Territorial status

 The United States wrested Puerto Rico from Spain in the 1898 Spanish-American War, along with Cuba, the Philippines and the Mariana Islands.

Shortly after, a series of Supreme Court rulings called the “Insular Cases” – made by the same court that found racial segregation constitutional in Plessy v. Ferguson – deemed most of America’s new territories to be inhabited by “alien races,” ungovernable by “Anglo-Saxon principles.”

These cases labeled America’s island territories as incorporated or unincorporated, each with a different set of rights. Puerto Rico is an unincorporated territory. It is similar to U.S. states in many ways but its taxpaying residents lack voting representation in Congress, cannot vote for president and do not enjoy all the same constitutional rights as other Americans.

Without a vote in Congress, Puerto Rico’s needs are not well represented in Washington.

Puerto Rico’s legal status all but defines politics on the island.

Rather than offering clear left- or right-wing policies, Puerto Rico’s two main political parties are traditionally defined by their stance on statehood. The Popular Democratic Party generally favors keeping Puerto Rico a territory; the New Progressive Party is pro-statehood. Both have Democratic- and Republican-aligned members.

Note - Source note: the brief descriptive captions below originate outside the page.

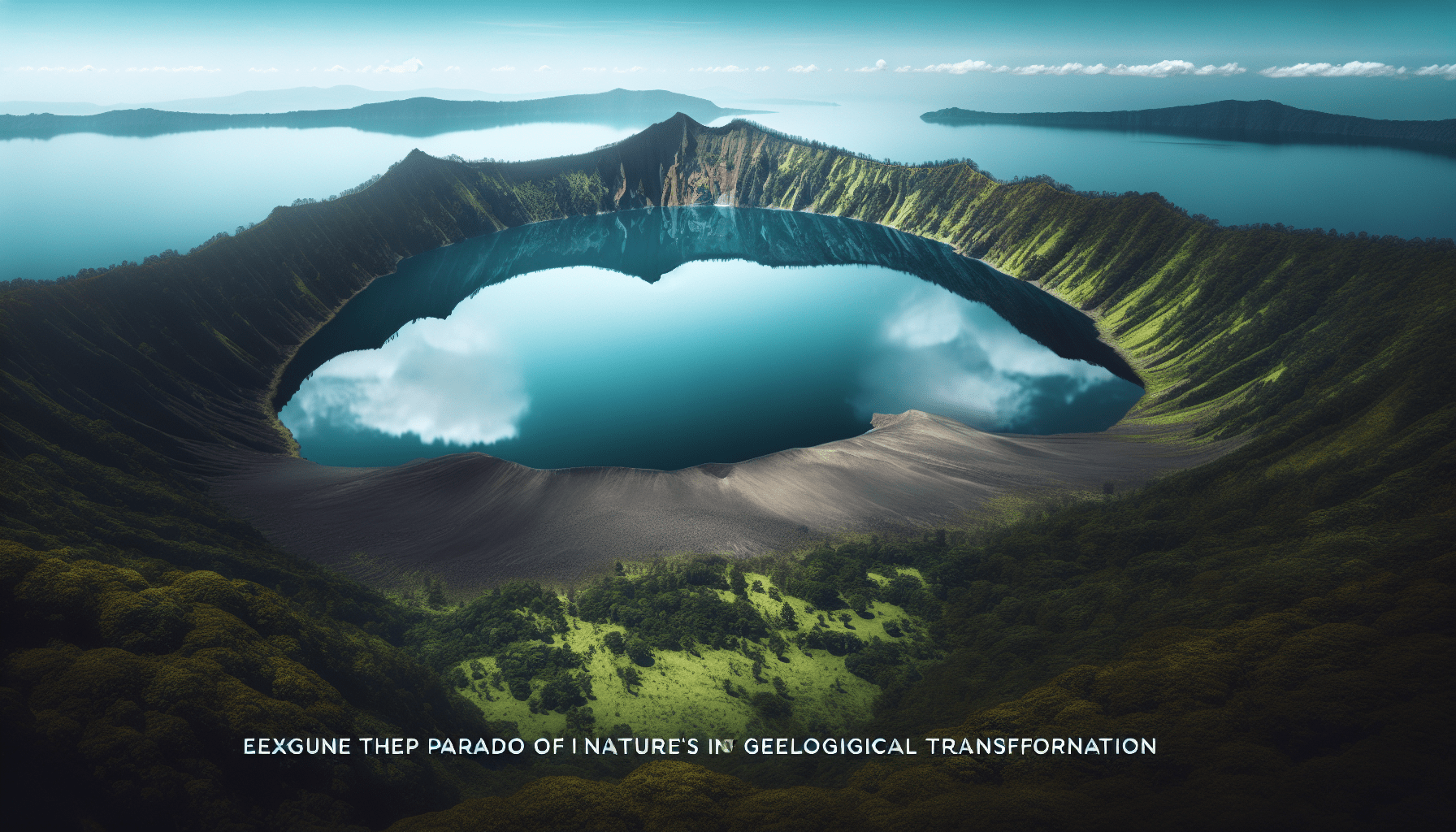 how volcanic eruptions create stunning crater lakes 4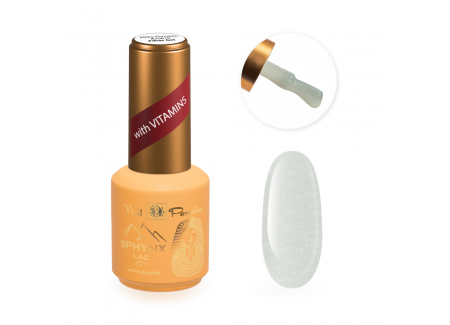 Fiber Gel with Vitamin E and Calcium - Milky Porcelain 15ml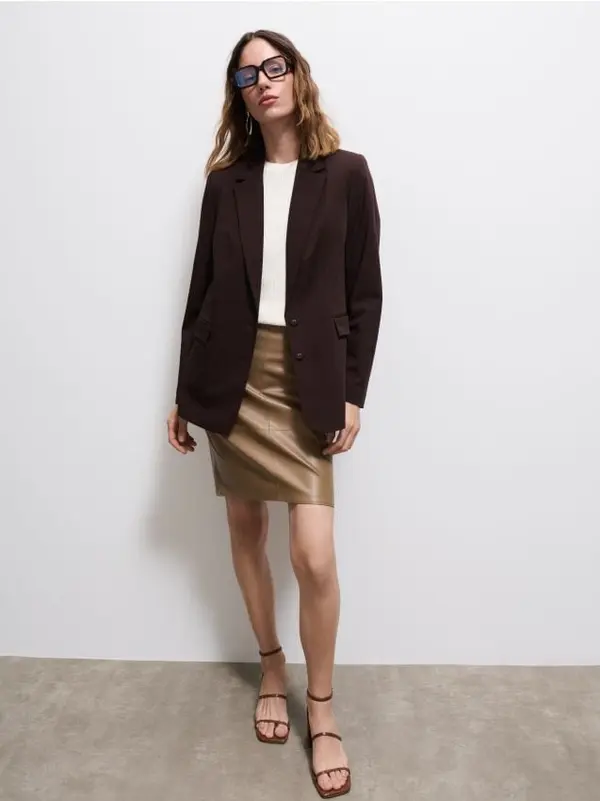 Mohito Mohito - Пола тип молив - бежово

The New Progressive Party’s grip on the statehood cause loosened in 2020. Some 215,000 Puerto Ricans who voted for statehood voted against its pro-statehood gubernatorial candidate, Pedro Pierluisi Urrutia, who won his race very narrowly. The New Progressive Party’s candidate for resident commissioner – Puerto Rico’s nonvoting delegate to the U.S. House of Representatives – received 132,000 fewer votes than statehood did.